Explain that this process is an **algorithm**. If there's time, get students to write some pseudocode to express the algorithm. It should go something like this (the level of formality could vary, although is unimportant. The main idea is to be able to express the process as an algorithm).

### Card set 3

For (most) students who are unfamiliar with this type of puzzle, the algorithm above might seem infallible. In math and computer science, though, an algorithm can seem perfect but than fail unexpectedly. For this reason, we must always be able to prove (explain convincingly using logical reasoning) that an algorithm is correct before we conclude that it is. In this case, it turns out that it breaks sometimes.

Instead of telling the students this, though, leave them to figure it out by giving them this next set of cards.
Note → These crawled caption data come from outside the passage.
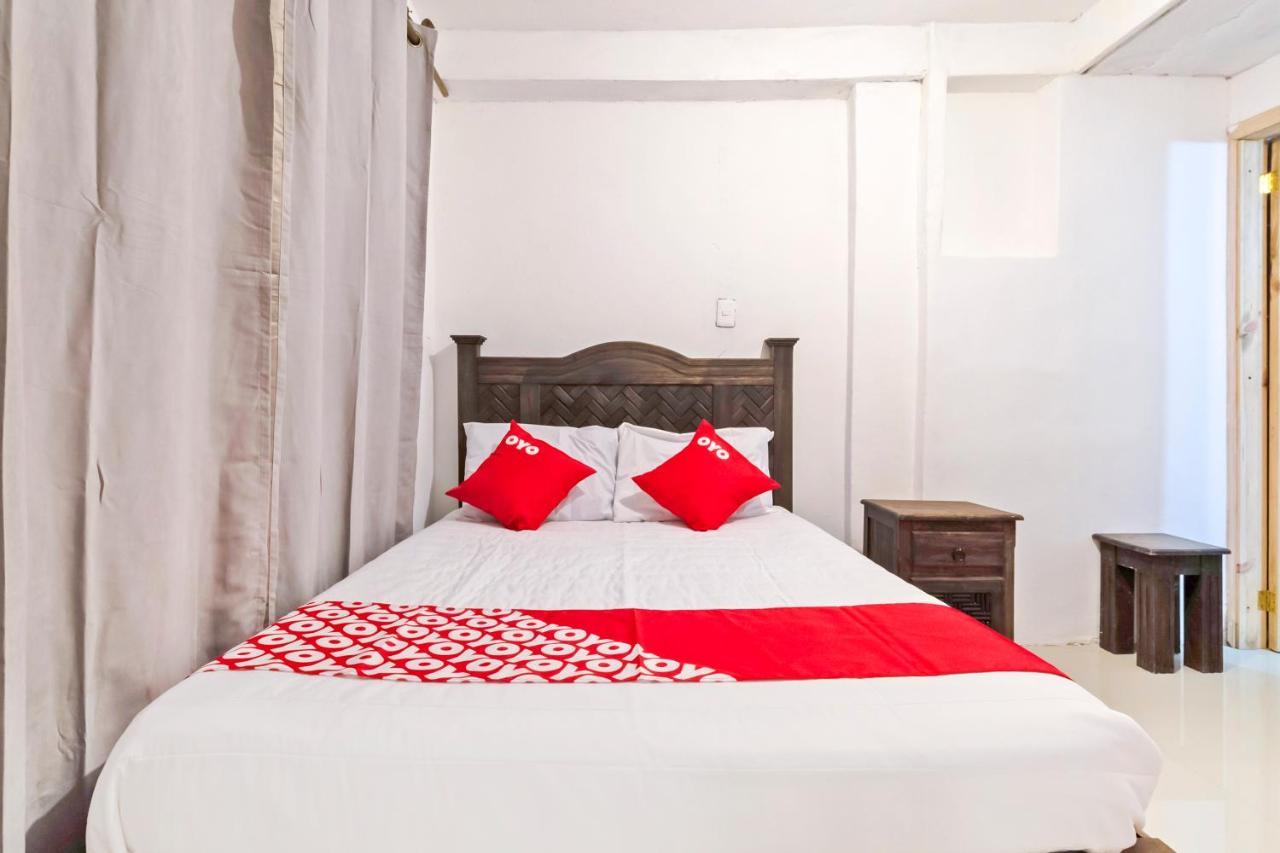 Oyo Hotel Punta Guadalupe, Сан-Кристобаль-де-Ла-Касас Экстерьер фото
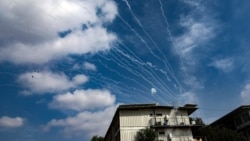 Израиль наносит ответные удары по сектору Газа и объявляет о переходе страны в "состояние войны" Израиль наносит ответные удары по сектору Газа и объявляет о переходе страны в "состояние войны"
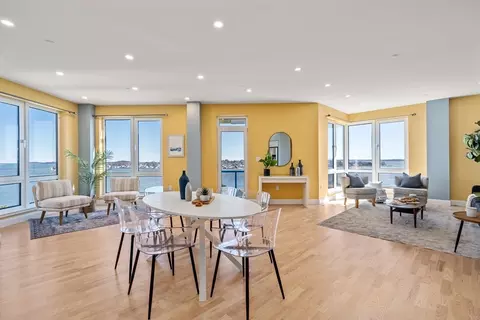 1001 Marina Dr #805, Quincy, MA 02171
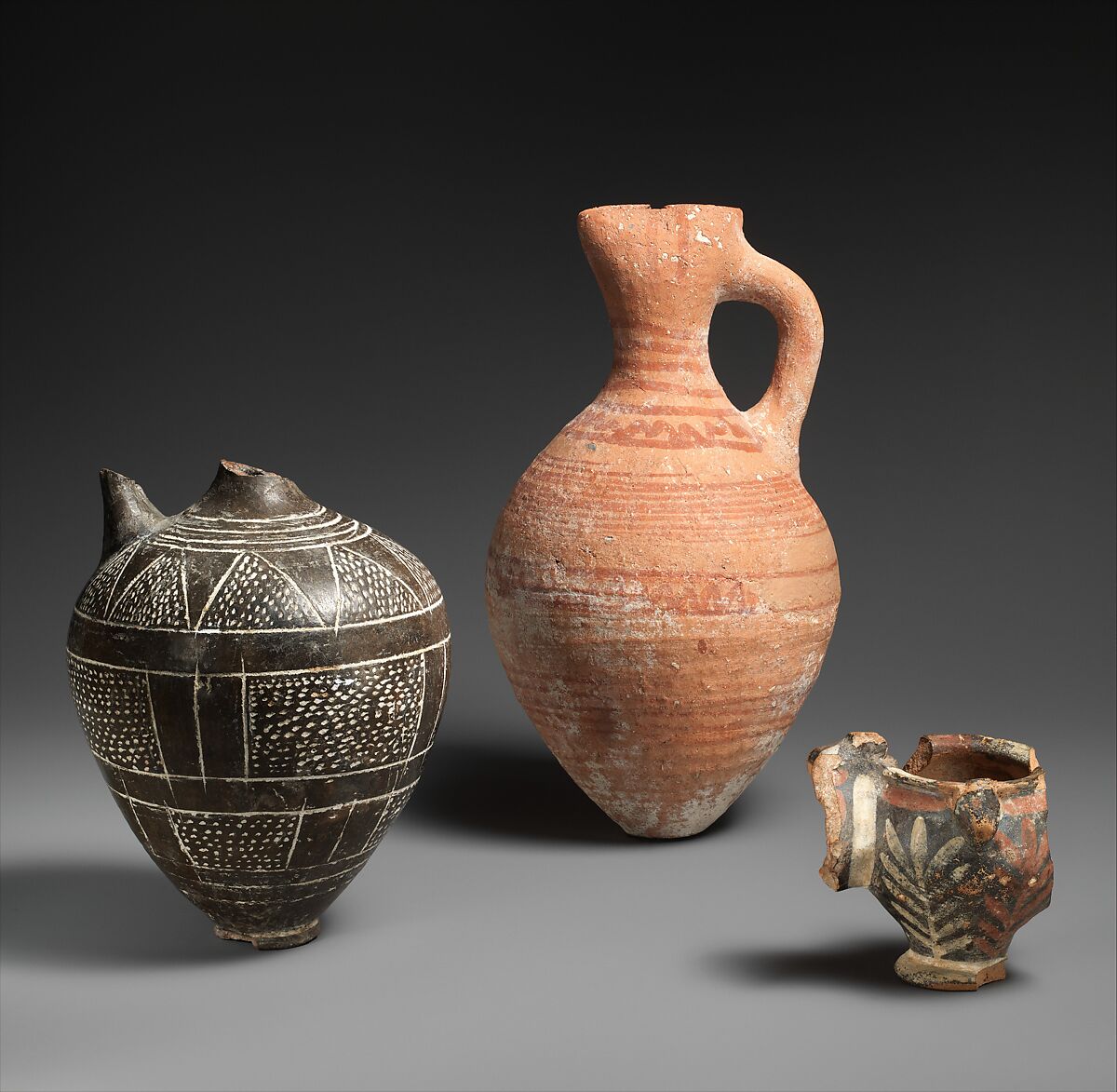 Kamares jar, Pottery, paint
This time, the theme is a cargo plane that has room for another **5000 KG** and wants to maximize the value of what it is carrying.

Either students will quickly realize their algorithm is no longer working correctly, they'll give an incorrect solution that's over the weight limit (probably including all but the 4th package), or they'll get the correct solution (the 3 biggest items), but not realize that it didn't actually follow the algorithm. If they give an incorrect solution, point out their error. If they don't follow the algorithm, remind them to follow it step-by-step.
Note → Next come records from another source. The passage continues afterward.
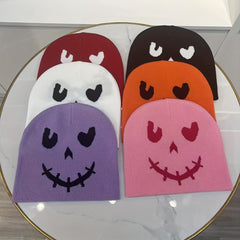 Funny Expression Windproof Knit Beanie Hat With Pirate Skull Print
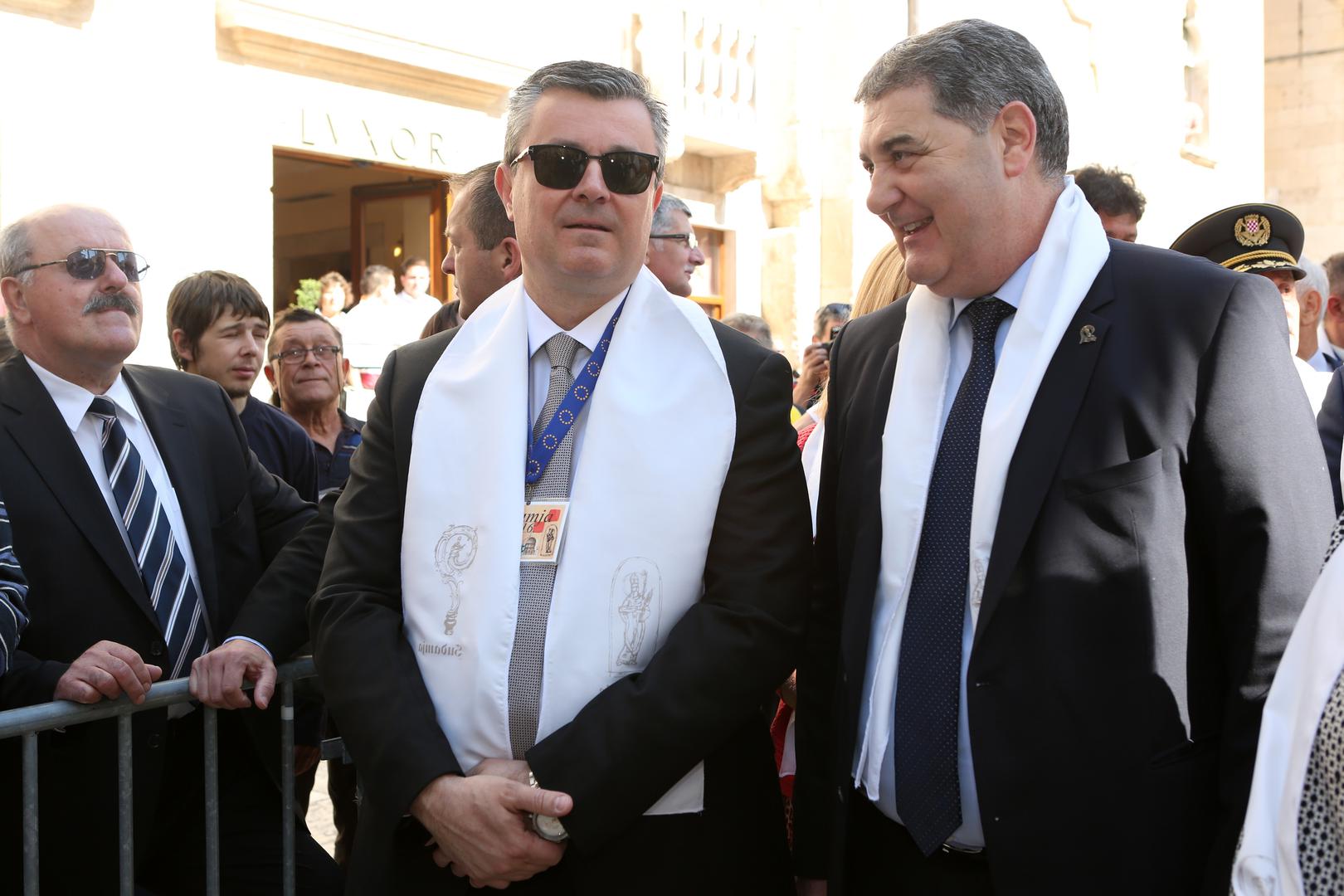 U travnju 2016. predstavljen je Nacionalni program reformi sa 60 mjera raspoređenih u četiri područja: makroekonomsku stabilnost i fiskalnu održivost, poboljšanje poslovnog okruženja i investicijske klime, učinkovitost javnog sektora te obrazovanje prilagođeno potrebama tržišta rada. Plan je predviđao provedbu mjera tijekom sljedećih 12 do 18 mjeseci. 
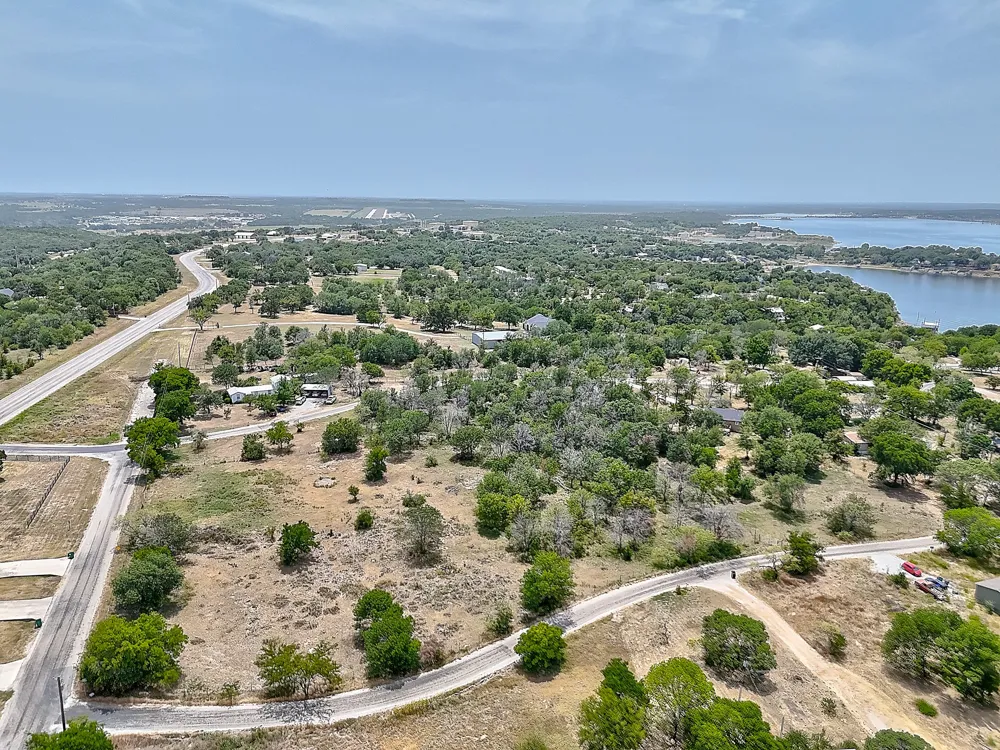 Lakewood Circle Lake Bridgeport, TX 76426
In the order shown in the picture above, the value rations are $4/KG, $7/KG, $8/KG, $1/KG, $5/KG.

So our algorithm starts by taking the 3rd item, and then the 2nd item, as these two are the best value. However, then it makes a "mistake" by taking the 5th item, leaving not enough room for the 1st item (the best). There is room for the 4th item though. It would have been better to have not taken the 5th item, instead of taking the larger 1st item even though its ratio isn't as good.

We have now discovered that what seemed like a robust algorithm, is not. So, what do we do now? It seems that sometimes it's better to leave something behind to be able to take something better later (insert cheesy life analogy here, I'll leave that up to teachers!) It's tough to know when exactly we should be leaving something behind though.

Students might suggest just taking the items worth the most, ignoring the weight. However, point out that this wouldn't have worked with the previous 2 sets of cards, wherein both cases, the most valuable item was left behind.

Something else they might suggest is just trying every combination. With just 5 cards, and a little human intuition mixed in, this is straightforward. However, will it work when we have more cards?

### Card set 4

For the final part of the activity, give them the largest set of cards. This time, the theme is investments. Each of the 20 investments (identified by a letter, I need to come up with some witty names, if anybody has any ideas, please post or email me!) has an amount that would need to be put forward to invest in it, and an expected pay off. With **$2000** to invest, the challenge now is to decide which investments to choose.

This one is challenging, although the students in the class were so engaged in the activity that they spent half an hour discussing strategies and moving cards around. Towards the end of that time, one group very impressively came up with the correct answer. Given that no strategy works in every case (well, mostly true, more on this further down), it was a lot of logic, reasoning, and teamwork that got them there.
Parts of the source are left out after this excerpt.